Lecture de Grande Jonction (3)
Le salut de l’humanité viendra-t-il par un riff de guitare ou via le retour aux Saintes Ecritures ? C’est une des (nombreuses) questions qui se posent autour du vingtième chapitre de Grande Jonction, alors qu’une bibliothèque entière vient de débarquer sur le territoire protégé de Heavy Metal Valley en provenance du Vatican et que le jeune Gabriel Link de Nova, visiblement de la race des « élus », redécouvre la musique électrique de la deuxième moitié du XXe siècle, quintessence de la « poésie des machines » née de l’éclair d’Hiroshima et qui connut sa Légende Dorée, des atmosphères astrales de Pink Floyd au Rock’n’roll Star d’Oasis, ou du fétichisme ultra-plastique du Velvet Underground à Ultra Violet d’U2, ce pur bijou, etc.
Tel est le paradoxe Dantec, qui revisite la tradition spirituelle judéo-chrétienne dont les livres lui arrivent comme l’arme de guerre fondamentale de sa Croisade, tout en exaltant une musique considérée comme basique, voire barbaresque par beaucoup, dans une fusion qui relève bel et bien, par sa vision et ses fulgurances plus à vrai dire que par l’élaboration de son style, de la poésie.
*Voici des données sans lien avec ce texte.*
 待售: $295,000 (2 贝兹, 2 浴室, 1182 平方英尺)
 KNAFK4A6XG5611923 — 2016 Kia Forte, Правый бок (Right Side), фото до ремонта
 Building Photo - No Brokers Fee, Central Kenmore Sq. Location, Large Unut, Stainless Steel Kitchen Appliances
Or curieusement, c’est en se démarquant de l’« air du temps » que le lecteur a la meilleure chance d’apprécier vraiment l’apport de Dantec, issu de la culture pop et rebondissant dans une narration « populaire » à caractère prophétique, à la littérature et à la réflexion contemporaines, au milieu d’un no man’s land où il s’est lui-même exilé, dont les mentors ou pairs occultes seraient un Léon Bloy ou un George Orwell, un Philip K.Dick, un Edmond Burke ou un Joseph de Maistre, entre autres références plus ou moins explicites.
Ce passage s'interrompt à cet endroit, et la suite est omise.